Je présentais des offrandes à ma mère dionéenne et aux dieux

[20] protecteurs des commencements, pour le Très-haut, roi

de la maison céleste, j’immolais sur le rivage un taureau magnifique,

et il y avait justement à côté un tertre portant au sommet

des pousses de cornouiller ainsi qu’un myrte hérissé de rameaux.

Je me suis approché, et tandis que j’arrache à la terre du bois vert,

[25] de toutes mes forces, pour couvrir les autels de feuillage,

je vois se produire un horrible et incroyable prodige :

le premier arbuste coupé de ses racines en l’arrachant du sol

laisse couler des gouttes d’un sang noir

et il souille la terre de pus. Une horreur glacée

[30] secoue mes membres, mon sang gèle et se fige d’épouvante.

Je recommence, j’arrache une deuxième baguette nerveuse,

essayant de comprendre ce qui se cache au fond de ça,

et une deuxième fois sourd de l’écorce le même sang noirâtre.

En proie à mille pensées, j’implorais les nymphes sauvages

[35] et Gradivus père qui préside aux champs labourés par les Gètes,

qu’ils donnent à cette vision un sens favorable, qu’ils allègent le poids du présage.

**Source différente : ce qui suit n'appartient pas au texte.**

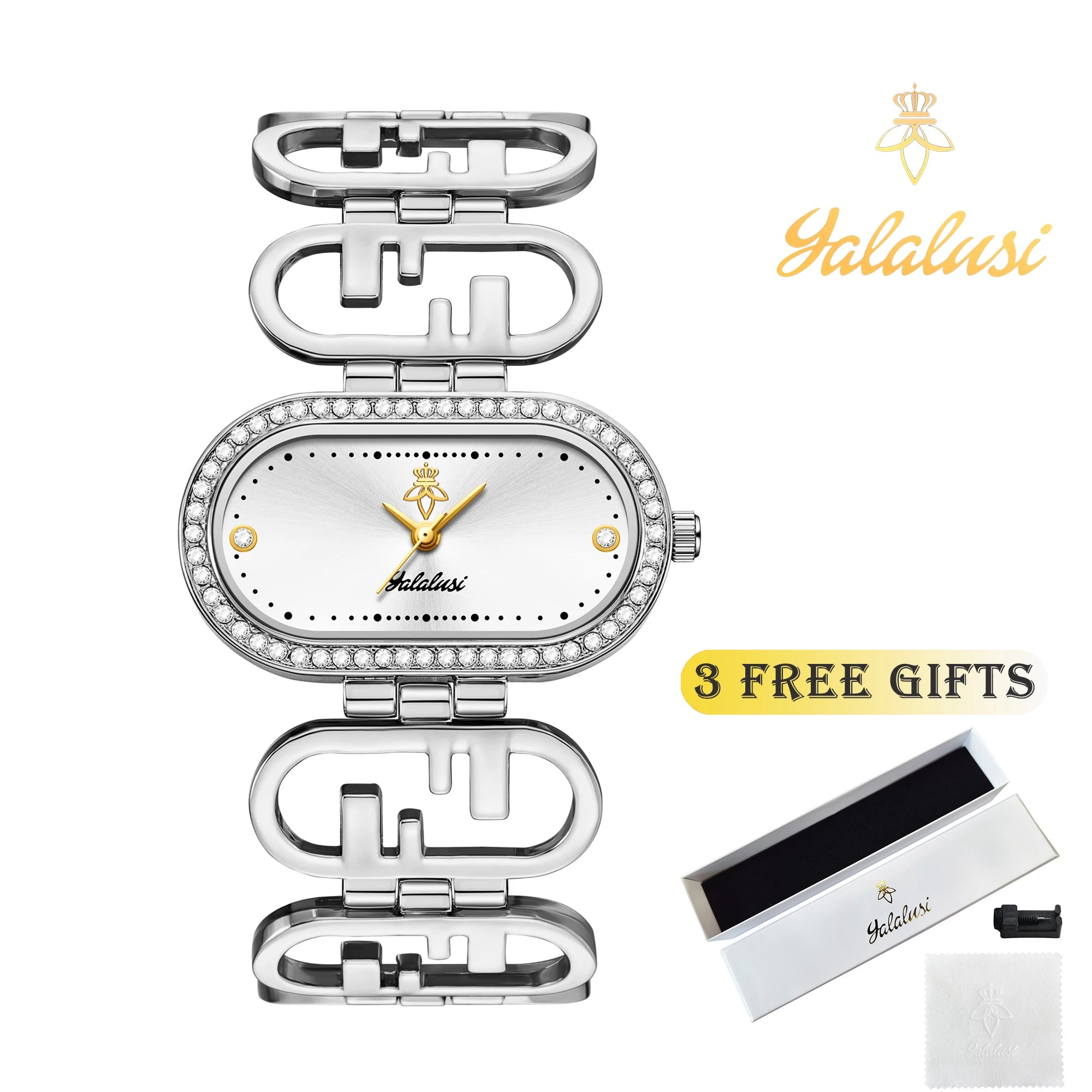 YaLaLuSi Women's Quartz Water-Resistant Bracelet Watch: A Luxurious Diamond-Set Gift reloj mujer watch for ladies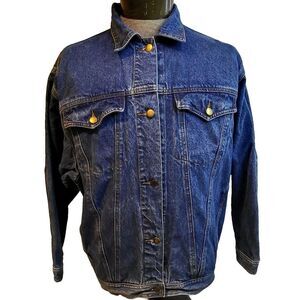 Elco Denim  Blue Jean Jacket Mens L‎ Blue Heavyweight Button-Up Mid Length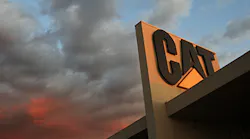 The Caterpillar logo outside a company building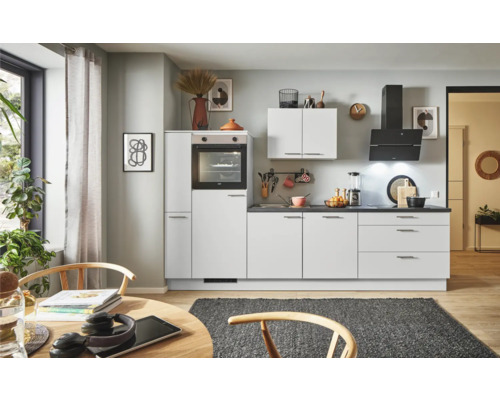PICCANTE Plus Küchenzeile mit Geräten Sonera 290 cm lichtgrau matt vormontiert Variante links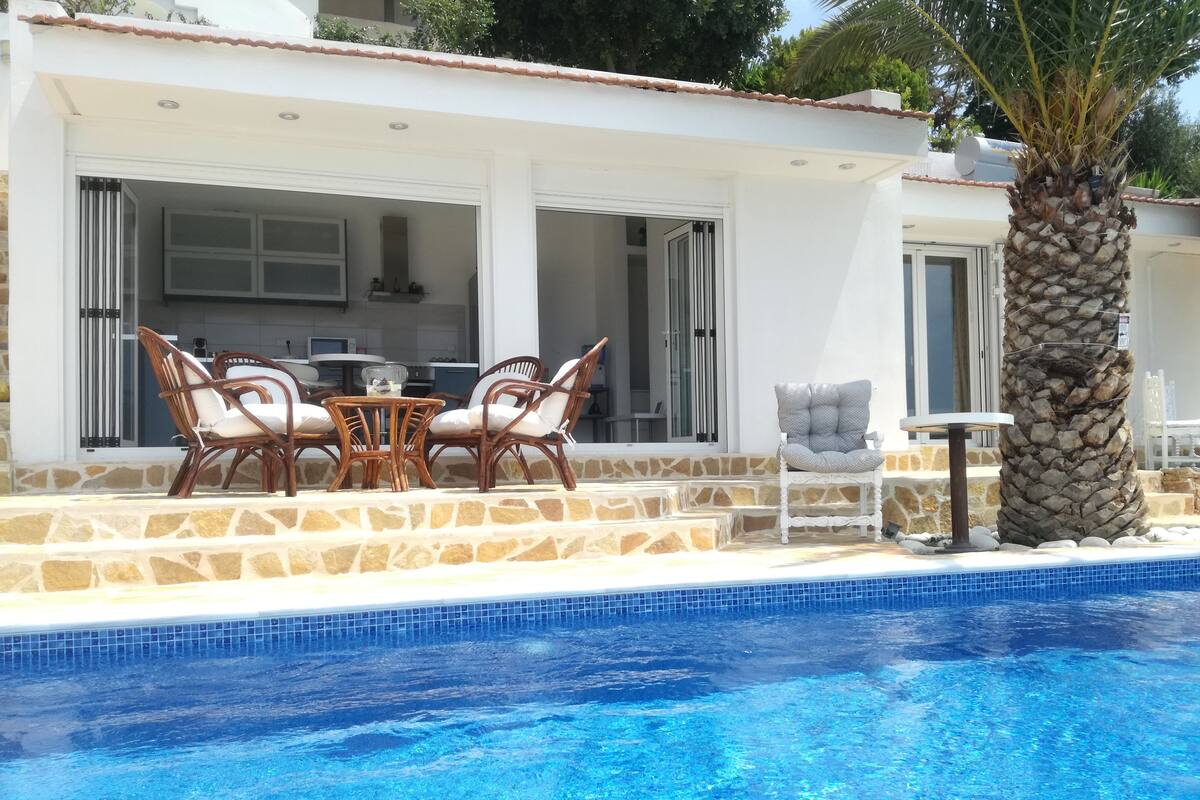 Un espace aménagé au bord de la piscine, avec un ensemble de mobilier de jardin et un palmier.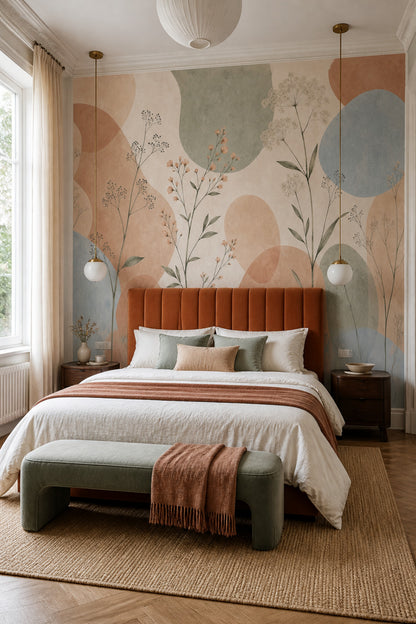 Watercolor Texture Wallpaper Pastel Botanical Removable Wildflower Wall Decor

Mais quand je m’attaque à une troisième pousse avec encore plus d’effort

et que je lutte à genoux contre le sable qui me résiste

— vais-je parler ou me taire ? — un cri pitoyable se fait entendre dans la profondeur

[40] du tertre et des mots sont prononcés, montant à mes oreilles :

« Pourquoi déchires-tu, Énée, le malheureux que je suis ? Grâce pour qui est ici enterré,

grâce pour tes pieuses mains, ne les profane pas ! Troie m’a vu grandir, je ne suis pas

étranger à toi, et le saignement ne vient pas de la souche.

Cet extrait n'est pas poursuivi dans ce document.